It seems that anytime an idea gets pushed along with no opposition, it gets carried to an extreme, and that's what I think is happening here. How many people do you know who have been hurt by a broken fork? Out of the millions of kids who have used slingshots (now some of us much older now) who do you know who lost an eye?

Here are four reasons not to switch to multiplex: rosewood, black walnut, cocobolo, bird eye maple, there are more. Please lets not get righteous and carried away about mute points of safety. Your safety is your responsibility, wear good safety glasses when shooting and in the shop.


----------



## flippinout (Jul 16, 2010)

AJW said:


> It seems that anytime an idea gets pushed along with no opposition, it gets carried to an extreme, and that's what I think is happening here. How many people do you know who have been hurt by a broken fork? Out of the millions of kids who have used slingshots (now some of us much older now) who do you know who lost an eye?
> 
> Here are four reasons not to switch to multiplex: rosewood, black walnut, cocobolo, bird eye maple, there are more. Please lets not get righteous and carried away about mute points of safety. Your safety is your responsibility, wear good safety glasses when shooting and in the shop.

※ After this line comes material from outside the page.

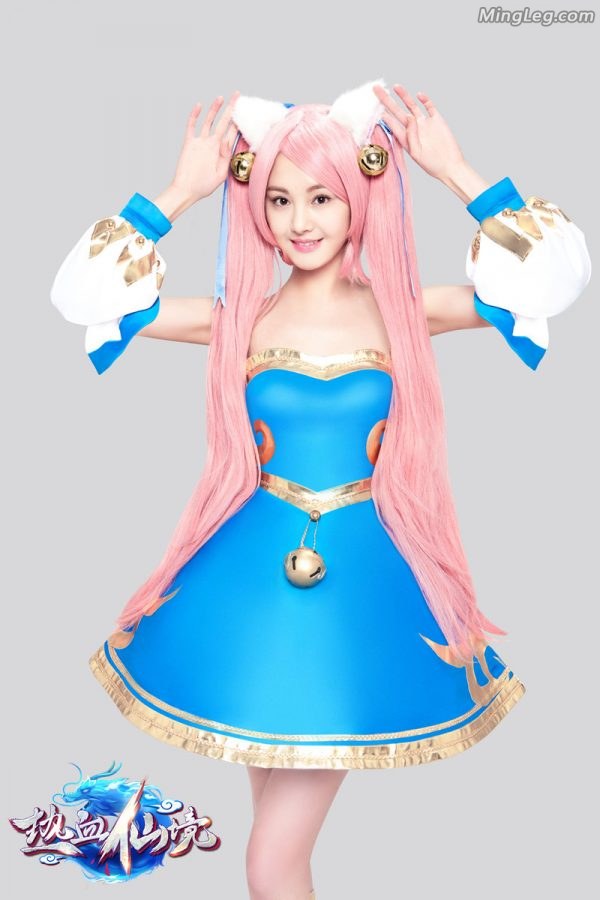 Girl Elf Zheng Shuang endorses the mobile game short skirt and white boots kawaii(5/5)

I could not agree more. That is why my slingshots are always a minimum of three laminations of hardwoods with grain orientation being paid careful attention. A laminated hardwood slingshot is not only beautiful, but incredibly strong. I have been attempting to break one of my slingshots with a fork hit and have yet to succeed. Cosmetic damage yes, destroyed NO!!

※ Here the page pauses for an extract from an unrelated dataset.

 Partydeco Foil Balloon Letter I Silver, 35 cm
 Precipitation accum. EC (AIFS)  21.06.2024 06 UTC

Birch multiplex is strong but not necessarily stronger than well crafted hardwood laminates given the forces at work.

Pay attention having clean mating surfaces, quality glue, and even/sufficient clamping pressures for the given wood species.


----------



## kobe23 (Jun 28, 2010)

Just like how the big old tree could split into 2. To retain the original solid hardwood look, I would say cut the wood into 3 sheet and laminate the grains perpendicular to each other. Would look awesome and safe to shoot =D


----------



## Gib (Sep 21, 2010)

Nathan speaks the truth, These exotic laminates are EXTREMELY strong and gorgeous to boot. It is always a good idea to do multi-layer laminates however in this case putting a rod in for repair should be sufficient!

Cheers


----------



## AJW (Apr 24, 2011)

Hi Flippinout

The pictures on your banner show and say it all. You can have beauty and safety in one package. It may take many more hours of work and days of waiting (glue to set, finishes to dry etc) and cost a few more dollars, but look at the product, every one a center piece for any collection that can be admired for generations. Not just another frame. Plus ... they are Safe.


----------



## crazymike (May 8, 2011)

burn em.. they are cursed


----------



## Tex-Shooter (Dec 17, 2009)

If using a hard wood board, Hard maple is the best wood that I have found for not breaking. There are harder and stronger woods out there, but very few have the fine non-splitting grain of Hard Maple. I have board cut slingshots with 2 1/2 inch distance between forks that I have shot for 10 years with out hitting the fork or breaking. Here is a Curly Red Oak for one example. -- Tex
http://talk.slingshots.com/forums/album.php?albumid=5&pictureid=65


----------



## PebbleShooter (Jul 6, 2011)

Dayhiker said:


> That's why I use mostly naturals and plywood. But with a spike inserted, it should be okay.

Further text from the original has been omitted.